Но теперь я каждый раз смотрела его заезды. Сквозь слёзы в глазах, но с улыбкой на лице смотрела и гордилась тем, что он вновь и вновь приходил первым к финишу. Мне хватало и этого — знать, что с ним всё хорошо. Что он не пострадал ни в одном из заездов.

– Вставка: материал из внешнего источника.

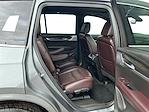 2022 Cadillac XT6 FWD SUV for sale #TA0748 - photo 23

Мой образ жизни не мог пройти бесследно для меня, и вот однажды я банально упала в обморок, а проснувшись, увидела белоснежные стены и капельницу, что вела к моей руке. Возле себя обнаружила Марину, которая сидела возле моей кровати.

В горле стоял сухой ком. Я проморгалась. И, приоткрыв пересохшие губы, еле слышно прошептала:

— Марина.

Белова вздрогнула, распахнула глаза и подорвалась ко мне.

— Соня, наконец ты проснулась! Как же мы все за тебя переживали!

— Все? — голос трещал, меня было еле слышно. — Дай, пожалуйста, попить.

— Да, конечно, — подруга повернулась к тумбочке и, взяв стакан с водой и слегка меня приподняв, поднесла к моим губам. — Вот, пей.

Сделала несколько глотков, дабы смочить горло. Стало намного легче, и я вновь откинулась на постель.

— Что случилось? И кто эти все, кто за меня переживал?

— Ты упала в обморок, — поставив стакан обратно на тумбочку, Белова присела ко мне на кровать. — Прямо на работе. Мне сразу же позвонила Лена и попросила приехать, — с каждым словом подруга всё больше хмурилась. — Что с тобой происходит, Сонь? Я, Мишка, Света с Алексом — все мы за тебя переживаем. И Лена ваша эта Канаева тоже. Она мне всё рассказала.